1. **Data Preprocessing**:
   - Handled missing values using median imputation
   - Created stratified train-test split (80-20) based on income categories
   - Feature engineering: Added derived features (rooms_per_household, etc.)
   - Standardized numerical features using StandardScaler
   - One-hot encoded categorical feature (ocean_proximity)



2. **Model Selection**:

   - Compared Linear Regression, Decision Tree, and Random Forest

   - Random Forest showed best performance



3. **Hyperparameter Tuning**:

   - Used GridSearchCV with 5-fold cross-validation

   - Optimized parameters: `n_estimators`, `max_features`, `bootstrap`

   - Best parameters: `{'max_features': 8, 'n_estimators': 30}`



4. **Evaluation**:

   - Primary metric: RMSE (Root Mean Squared Error)

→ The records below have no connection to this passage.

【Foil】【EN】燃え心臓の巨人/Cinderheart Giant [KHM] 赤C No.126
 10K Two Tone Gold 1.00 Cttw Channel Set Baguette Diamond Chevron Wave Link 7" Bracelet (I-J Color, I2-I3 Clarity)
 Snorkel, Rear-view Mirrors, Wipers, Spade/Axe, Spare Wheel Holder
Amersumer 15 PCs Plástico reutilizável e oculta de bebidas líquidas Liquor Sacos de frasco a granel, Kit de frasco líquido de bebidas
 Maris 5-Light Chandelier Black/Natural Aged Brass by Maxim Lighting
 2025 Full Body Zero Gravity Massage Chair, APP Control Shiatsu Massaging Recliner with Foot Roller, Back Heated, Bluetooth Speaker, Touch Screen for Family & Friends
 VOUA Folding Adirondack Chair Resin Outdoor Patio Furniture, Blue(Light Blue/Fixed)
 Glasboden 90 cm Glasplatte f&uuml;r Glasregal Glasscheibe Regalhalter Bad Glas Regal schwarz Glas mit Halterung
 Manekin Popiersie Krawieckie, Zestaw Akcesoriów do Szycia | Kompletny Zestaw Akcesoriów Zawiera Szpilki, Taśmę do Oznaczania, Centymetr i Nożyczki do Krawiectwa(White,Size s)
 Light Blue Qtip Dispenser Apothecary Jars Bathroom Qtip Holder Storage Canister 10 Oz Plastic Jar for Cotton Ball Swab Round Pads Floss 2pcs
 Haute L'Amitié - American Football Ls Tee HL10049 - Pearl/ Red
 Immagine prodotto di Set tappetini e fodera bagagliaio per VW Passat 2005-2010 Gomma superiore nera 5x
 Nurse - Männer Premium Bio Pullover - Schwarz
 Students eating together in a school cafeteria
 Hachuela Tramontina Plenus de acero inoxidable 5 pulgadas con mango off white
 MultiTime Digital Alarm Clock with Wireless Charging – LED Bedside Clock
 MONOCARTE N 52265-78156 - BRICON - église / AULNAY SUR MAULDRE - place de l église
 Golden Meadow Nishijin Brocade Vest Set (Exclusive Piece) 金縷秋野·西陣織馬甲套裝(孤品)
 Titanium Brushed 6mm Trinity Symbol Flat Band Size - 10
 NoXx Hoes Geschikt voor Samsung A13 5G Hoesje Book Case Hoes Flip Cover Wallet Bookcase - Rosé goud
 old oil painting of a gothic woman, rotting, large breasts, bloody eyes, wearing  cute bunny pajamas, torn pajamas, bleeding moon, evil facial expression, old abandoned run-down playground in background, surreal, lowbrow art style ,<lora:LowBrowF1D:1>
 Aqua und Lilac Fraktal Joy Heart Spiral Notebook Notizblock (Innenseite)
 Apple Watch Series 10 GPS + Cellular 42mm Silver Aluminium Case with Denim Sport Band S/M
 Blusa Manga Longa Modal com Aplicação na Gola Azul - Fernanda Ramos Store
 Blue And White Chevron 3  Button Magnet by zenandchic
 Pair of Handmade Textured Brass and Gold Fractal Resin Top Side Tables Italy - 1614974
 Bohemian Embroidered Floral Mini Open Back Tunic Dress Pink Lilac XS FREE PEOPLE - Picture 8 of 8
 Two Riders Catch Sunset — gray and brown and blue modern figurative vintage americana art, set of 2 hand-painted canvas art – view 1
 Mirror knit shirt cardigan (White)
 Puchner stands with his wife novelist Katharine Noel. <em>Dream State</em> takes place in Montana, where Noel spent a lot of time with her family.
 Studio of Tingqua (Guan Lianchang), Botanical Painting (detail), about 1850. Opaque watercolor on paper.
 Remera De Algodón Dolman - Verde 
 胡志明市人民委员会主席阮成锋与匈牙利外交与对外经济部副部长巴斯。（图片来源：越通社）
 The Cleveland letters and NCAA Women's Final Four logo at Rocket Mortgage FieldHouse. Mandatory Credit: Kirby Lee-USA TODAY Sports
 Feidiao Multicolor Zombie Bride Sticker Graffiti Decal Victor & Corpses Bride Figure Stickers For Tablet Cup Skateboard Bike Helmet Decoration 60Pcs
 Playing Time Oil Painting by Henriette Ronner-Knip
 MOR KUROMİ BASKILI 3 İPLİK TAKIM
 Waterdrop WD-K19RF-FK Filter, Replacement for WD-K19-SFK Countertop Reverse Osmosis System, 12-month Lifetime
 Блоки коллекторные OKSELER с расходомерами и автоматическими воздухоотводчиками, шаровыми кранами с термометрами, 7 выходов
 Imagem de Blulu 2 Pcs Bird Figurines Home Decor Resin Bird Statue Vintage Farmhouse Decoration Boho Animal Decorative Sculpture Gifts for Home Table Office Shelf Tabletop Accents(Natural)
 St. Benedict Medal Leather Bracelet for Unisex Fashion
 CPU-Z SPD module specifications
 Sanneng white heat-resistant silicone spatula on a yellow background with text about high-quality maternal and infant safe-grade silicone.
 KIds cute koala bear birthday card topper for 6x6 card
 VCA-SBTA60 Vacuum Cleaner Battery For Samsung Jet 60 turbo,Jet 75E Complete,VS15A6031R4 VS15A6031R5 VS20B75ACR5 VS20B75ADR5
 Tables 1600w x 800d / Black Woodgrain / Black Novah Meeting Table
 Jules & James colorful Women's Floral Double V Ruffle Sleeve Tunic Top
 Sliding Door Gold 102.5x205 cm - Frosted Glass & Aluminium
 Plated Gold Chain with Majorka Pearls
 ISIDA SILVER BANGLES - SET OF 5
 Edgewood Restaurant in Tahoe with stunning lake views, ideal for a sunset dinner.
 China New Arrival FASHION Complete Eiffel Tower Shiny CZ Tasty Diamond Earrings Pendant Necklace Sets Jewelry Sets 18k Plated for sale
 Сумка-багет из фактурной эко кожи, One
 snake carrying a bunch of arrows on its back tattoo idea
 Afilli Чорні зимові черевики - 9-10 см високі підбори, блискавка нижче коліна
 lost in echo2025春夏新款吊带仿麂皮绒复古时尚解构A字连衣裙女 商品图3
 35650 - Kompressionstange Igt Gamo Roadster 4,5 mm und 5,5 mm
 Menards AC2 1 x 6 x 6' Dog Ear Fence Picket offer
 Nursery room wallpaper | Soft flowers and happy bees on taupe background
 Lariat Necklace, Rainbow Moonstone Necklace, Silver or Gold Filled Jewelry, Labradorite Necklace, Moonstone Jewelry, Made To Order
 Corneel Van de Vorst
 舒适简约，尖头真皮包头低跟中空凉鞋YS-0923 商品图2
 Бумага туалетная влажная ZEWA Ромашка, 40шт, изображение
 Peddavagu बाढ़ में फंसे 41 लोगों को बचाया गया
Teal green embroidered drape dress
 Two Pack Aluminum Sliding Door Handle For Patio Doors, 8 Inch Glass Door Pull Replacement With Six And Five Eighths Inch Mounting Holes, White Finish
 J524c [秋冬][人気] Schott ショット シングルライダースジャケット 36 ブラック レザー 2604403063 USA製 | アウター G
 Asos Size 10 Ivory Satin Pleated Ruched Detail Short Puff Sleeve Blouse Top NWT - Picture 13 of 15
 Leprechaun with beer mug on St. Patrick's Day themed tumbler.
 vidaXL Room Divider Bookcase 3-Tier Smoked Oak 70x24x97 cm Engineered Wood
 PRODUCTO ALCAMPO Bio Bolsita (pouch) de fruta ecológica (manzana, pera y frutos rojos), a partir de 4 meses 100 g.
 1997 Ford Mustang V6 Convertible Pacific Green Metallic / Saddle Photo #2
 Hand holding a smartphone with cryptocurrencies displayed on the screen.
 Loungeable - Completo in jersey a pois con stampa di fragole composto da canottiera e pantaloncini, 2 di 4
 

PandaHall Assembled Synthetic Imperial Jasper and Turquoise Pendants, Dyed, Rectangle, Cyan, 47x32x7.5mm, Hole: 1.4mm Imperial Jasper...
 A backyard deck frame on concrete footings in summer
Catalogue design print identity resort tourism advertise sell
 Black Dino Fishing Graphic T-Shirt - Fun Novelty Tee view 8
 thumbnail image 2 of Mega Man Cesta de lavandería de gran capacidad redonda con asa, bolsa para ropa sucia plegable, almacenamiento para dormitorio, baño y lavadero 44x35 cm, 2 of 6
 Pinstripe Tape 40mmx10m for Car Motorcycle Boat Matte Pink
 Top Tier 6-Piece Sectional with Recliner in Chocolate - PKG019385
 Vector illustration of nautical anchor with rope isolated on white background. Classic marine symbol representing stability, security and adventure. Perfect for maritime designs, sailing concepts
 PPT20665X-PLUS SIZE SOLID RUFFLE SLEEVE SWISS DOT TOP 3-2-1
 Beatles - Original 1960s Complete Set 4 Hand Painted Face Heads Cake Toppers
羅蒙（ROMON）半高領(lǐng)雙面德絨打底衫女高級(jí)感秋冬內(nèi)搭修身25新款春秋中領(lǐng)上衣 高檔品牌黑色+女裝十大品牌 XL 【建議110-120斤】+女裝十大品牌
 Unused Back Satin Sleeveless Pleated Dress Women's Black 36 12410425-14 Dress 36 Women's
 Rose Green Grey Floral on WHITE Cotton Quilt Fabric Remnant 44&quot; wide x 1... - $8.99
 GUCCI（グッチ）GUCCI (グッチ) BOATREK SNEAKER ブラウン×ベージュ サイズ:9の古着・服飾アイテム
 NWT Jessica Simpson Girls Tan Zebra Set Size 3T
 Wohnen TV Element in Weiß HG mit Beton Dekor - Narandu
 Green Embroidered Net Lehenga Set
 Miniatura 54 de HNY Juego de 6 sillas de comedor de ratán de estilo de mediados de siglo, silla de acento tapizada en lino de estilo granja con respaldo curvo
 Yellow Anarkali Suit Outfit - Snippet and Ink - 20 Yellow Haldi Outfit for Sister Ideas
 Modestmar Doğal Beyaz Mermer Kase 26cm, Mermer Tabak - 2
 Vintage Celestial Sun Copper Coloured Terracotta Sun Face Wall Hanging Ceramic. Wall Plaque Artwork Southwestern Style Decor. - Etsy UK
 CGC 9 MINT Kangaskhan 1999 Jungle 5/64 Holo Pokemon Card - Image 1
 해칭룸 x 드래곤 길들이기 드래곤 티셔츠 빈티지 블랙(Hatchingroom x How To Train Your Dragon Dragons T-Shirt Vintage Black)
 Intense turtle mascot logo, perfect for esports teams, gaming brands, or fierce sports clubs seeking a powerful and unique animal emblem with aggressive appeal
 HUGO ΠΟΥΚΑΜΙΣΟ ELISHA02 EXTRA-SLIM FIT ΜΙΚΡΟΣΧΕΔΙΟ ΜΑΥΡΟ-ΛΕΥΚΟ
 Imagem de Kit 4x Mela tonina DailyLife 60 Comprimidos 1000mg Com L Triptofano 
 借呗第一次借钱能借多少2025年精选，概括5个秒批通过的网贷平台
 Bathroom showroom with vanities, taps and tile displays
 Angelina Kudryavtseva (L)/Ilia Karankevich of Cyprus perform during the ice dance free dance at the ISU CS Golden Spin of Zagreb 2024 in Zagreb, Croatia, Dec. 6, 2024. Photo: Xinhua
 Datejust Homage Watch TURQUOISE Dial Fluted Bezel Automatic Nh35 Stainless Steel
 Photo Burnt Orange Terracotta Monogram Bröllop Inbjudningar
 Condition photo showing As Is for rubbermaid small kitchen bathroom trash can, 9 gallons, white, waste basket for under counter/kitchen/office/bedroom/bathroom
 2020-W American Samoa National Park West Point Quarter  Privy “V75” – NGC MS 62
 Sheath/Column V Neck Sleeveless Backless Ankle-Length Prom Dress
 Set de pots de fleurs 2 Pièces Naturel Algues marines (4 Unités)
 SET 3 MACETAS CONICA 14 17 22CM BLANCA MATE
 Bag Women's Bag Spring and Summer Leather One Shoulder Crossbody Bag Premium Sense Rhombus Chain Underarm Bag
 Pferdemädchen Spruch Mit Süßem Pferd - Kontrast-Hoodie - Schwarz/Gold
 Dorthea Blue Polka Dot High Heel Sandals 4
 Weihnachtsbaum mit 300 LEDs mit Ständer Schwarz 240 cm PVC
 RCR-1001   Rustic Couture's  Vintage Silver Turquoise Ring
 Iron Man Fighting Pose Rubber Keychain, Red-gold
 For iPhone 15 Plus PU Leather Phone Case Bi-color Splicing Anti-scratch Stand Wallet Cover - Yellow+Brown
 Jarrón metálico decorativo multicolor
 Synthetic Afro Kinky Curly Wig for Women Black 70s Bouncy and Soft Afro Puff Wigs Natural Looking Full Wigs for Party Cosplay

   - Cross-validation RMSE: ~$49,000

   - Final test set RMSE: ~$47,000-49,000



### Feature Importance



Top features contributing to predictions (from the trained model):



1. Median Income

2. Longitude

3. Latitude

4. Housing Median Age

5. Ocean Proximity



## 📦 Model Files



- `house_price_model.joblib` (80+ MB) - Trained Random Forest model

- `preprocessing_pipeline.joblib` (2+ KB) - Data preprocessing pipeline
- `inference.py` - Python inference API
- `housepriceprediction.ipynb` - Training notebook with Gradio demo

## 🔧 Requirements

- Python 3.8+
- scikit-learn >= 1.3.0
- pandas >= 2.0.0
- numpy >= 1.24.0
- joblib >= 1.3.0
- gradio >= 4.0.0 (optional, for demo)

See `requirements.txt` for complete dependencies.

## 📝 License

This project is licensed under the MIT License - see the [LICENSE](LICENSE) file for details.

## 🤝 Contributing

Contributions are welcome! Feel free to:

- Report bugs
- Suggest new features
- Submit pull requests

## 📚 References

- Dataset: [California Housing Dataset](https://www.kaggle.com/datasets/camnugent/california-housing-prices)
- Inspired by: *Hands-On Machine Learning with Scikit-Learn and TensorFlow* by Aurélien Géron

## 👤 Author

nitish-niraj

- GitHub: [@nitish-niraj](https://github.com/nitish-niraj)
- Hugging Face: [@nitish-niraj](https://huggingface.co/nitish-niraj)

## 🌟 Acknowledgments

- California Housing dataset from the 1990 U.S. Census
- scikit-learn community for excellent ML tools
- Hugging Face for model hosting platform

---

**Note**: This model is trained on 1990 census data and is intended for educational and demonstration purposes. For real-world applications, consider using more recent data and additional features.